Reputation: 5606
I'm new to Ruby and am trying to figure out why the following doesn't work as expected:
2.2.1 :010 > user_date = Date.today
=> Sun, 31 May 2015
2.2.1 :011 > user_date.today?
=> false
I'm using the Rails console and the commands are executed one after the other (with maybe a second between executions). I'm sure there is nuance that I'm not understanding, but shouldn't the second command return true instead of false? If not, why? Thanks in advance!
Edit #1 - Additional information requested by Arup
2.2.1 :013 > puts user_date.method(:today?).owner
DateAndTime::Calculations
=> nil
Edit #2 - So I had a hunch. I'm on US Eastern time and it was coming up to midnight when I ran into the original issue. I waited for the turn of midnight, and now the following works.
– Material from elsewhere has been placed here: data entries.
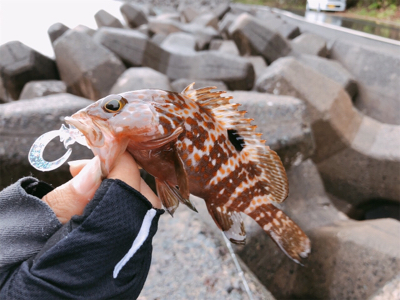 ゆる〜くライトロック！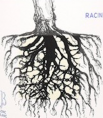 Racine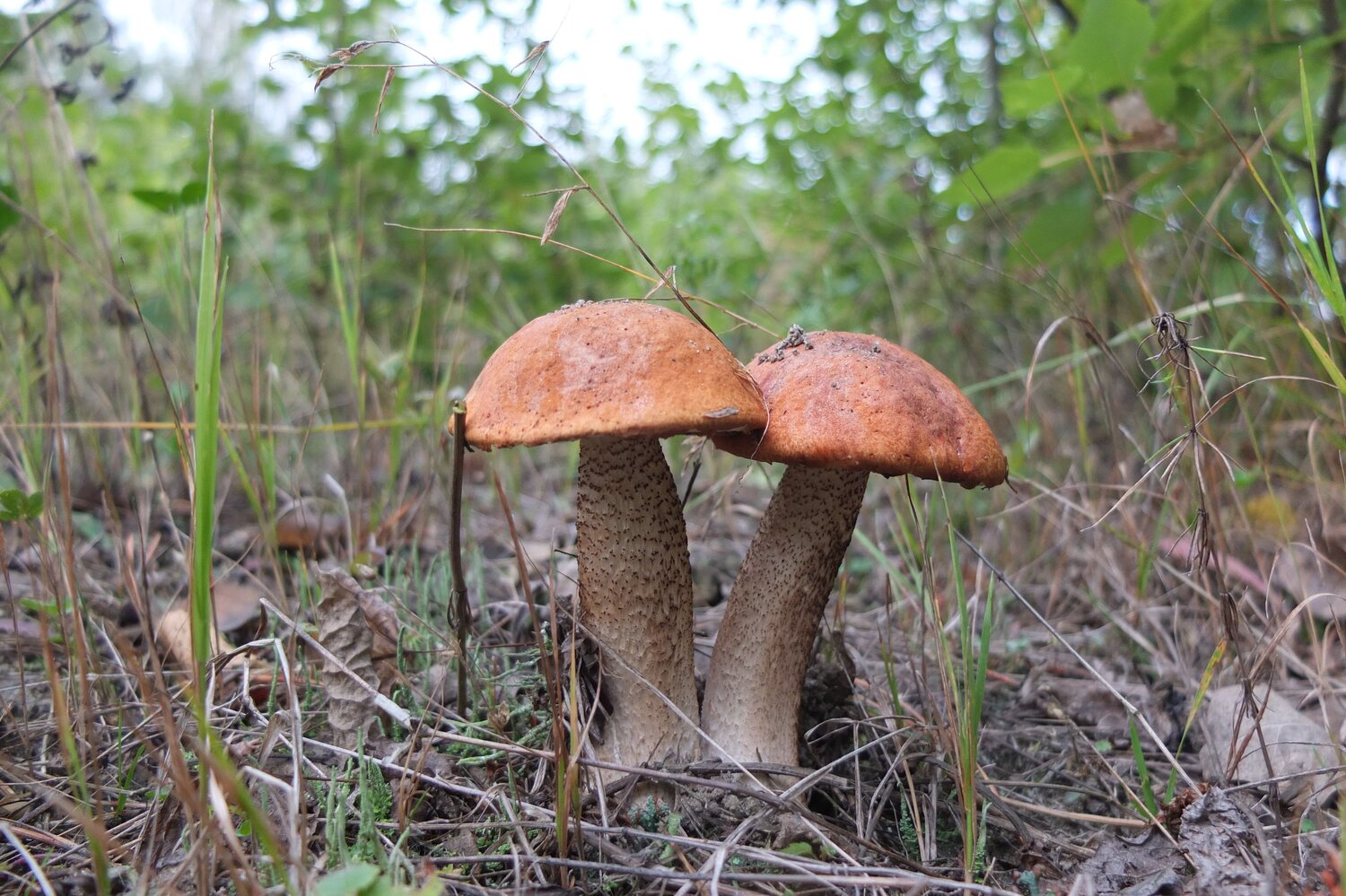 Photo #6592885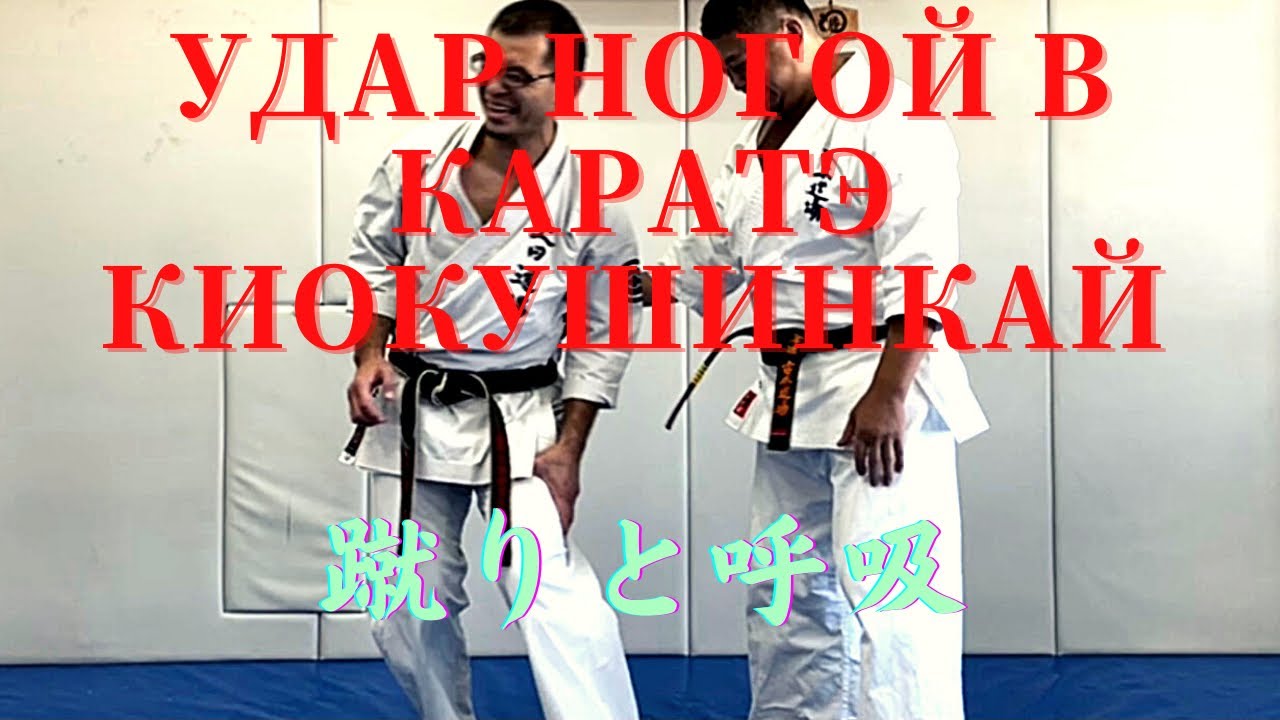 ����������� ������� + ���������� ����-�������: ����.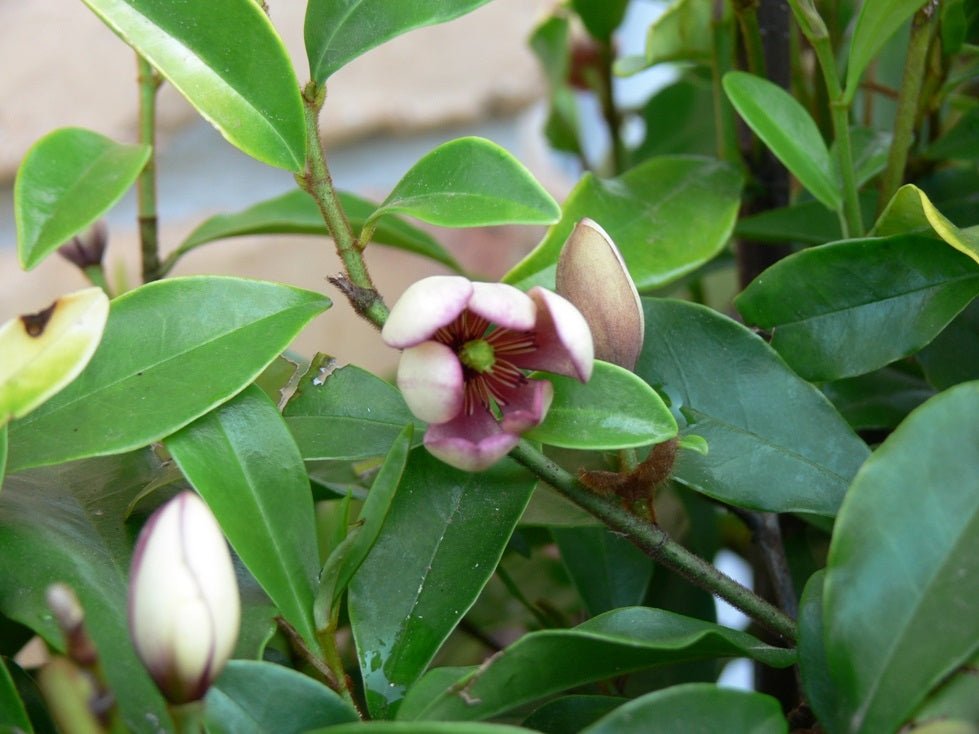Port Wine Magnolia (Michelia figo) 300mm Pot PICK UP ONLY - Ladybird Nursery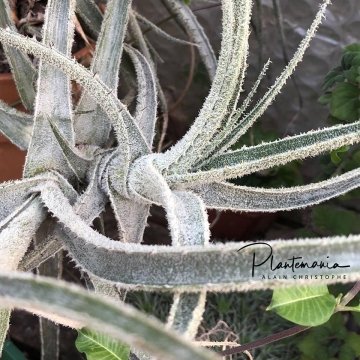 Puya laxa
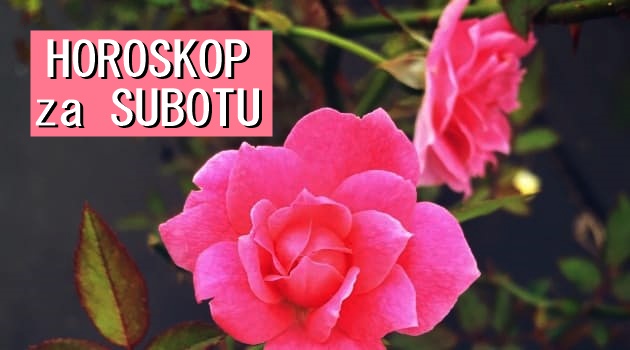 HOROSKOP za SUBOTU 14. novembar 2020. godine: Bikovi puni SAMOPOUZDANJA, Lavovi nespremni za VEZU, Škorpije će imati AVANTURU!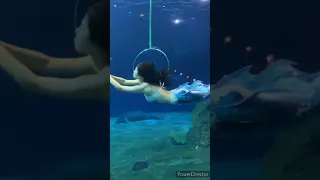 Beautiful Blue Mermaid Show in taiwan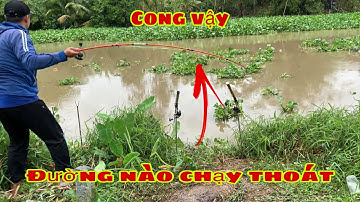 Câu Cá Tra Sông - Về Bãi Này Quăng Câu Cá Ăn Liên Tục Hên Là Có Dính | Fishing - Miền Tây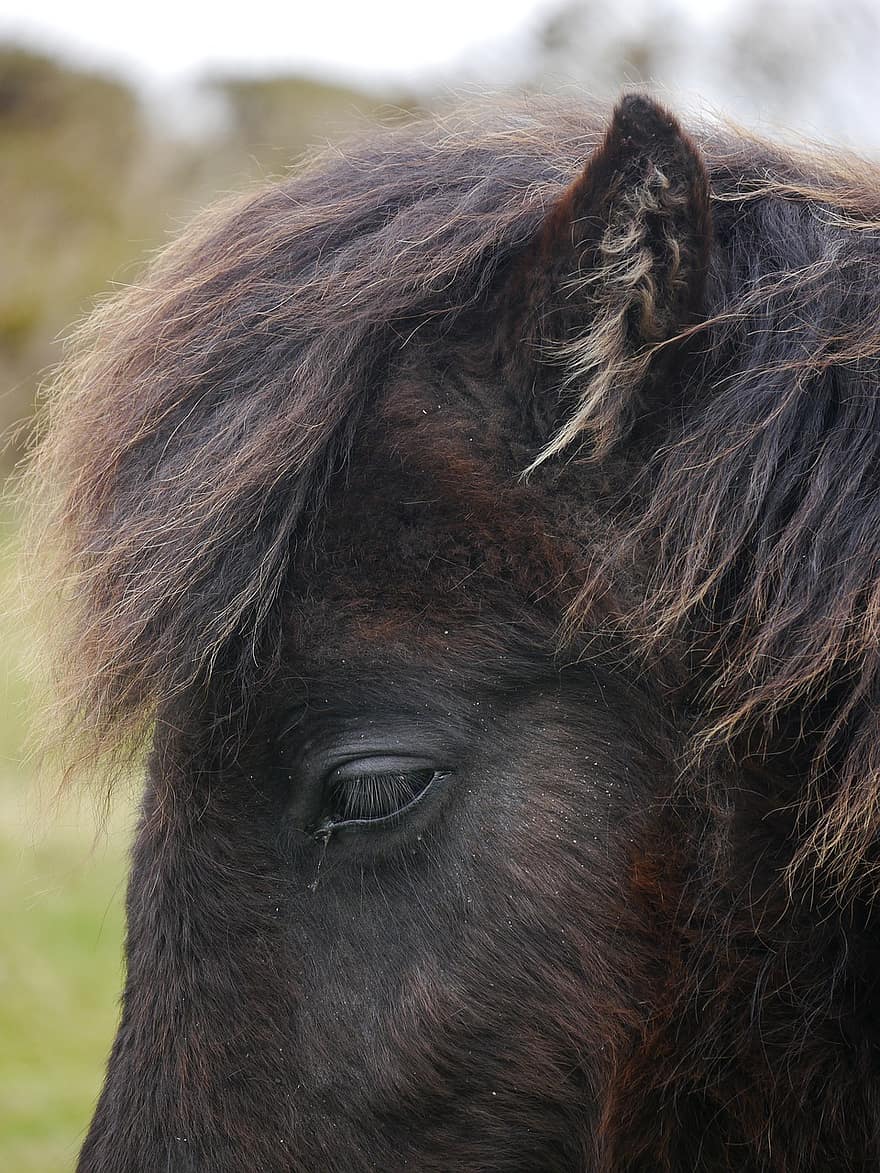 ponny, shetland ponny, gräs, bondgårdsdjur, djur-, häst-, bruka, djurhuvud, häst, närbild, landsbygden scen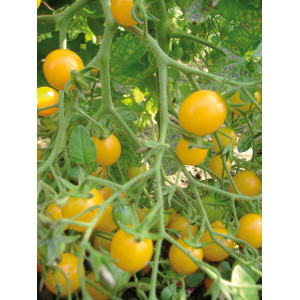 TOMATE Cocktail Clémentine (Qualité Premium)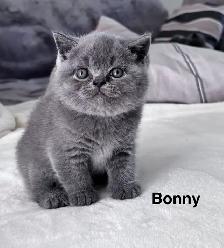 Bonny – chaton mâle British Shorthair disponible - Photo 5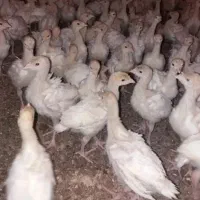 جوجه بوقلمون یک ماهه 380|حیوانات مزرعه|تربت‌حیدریه, ترمینال|دیوار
2.2.1 :004 > user_date = Date.today
=> Mon, 01 Jun 2015
2.2.1 :005 > user_date.today?
=> true
Upvotes: 4
Views: 162
Reputation: 3870
Date.today
belongs to core Ruby while today?
belongs to Rails.
Under the hood, today?
calls Date.current
(Rails as well) instead of Date.today
.
Going a bit further, we find that Date.current
takes the current Rails time zone into account if one is configured. That should be the source of your mismatch.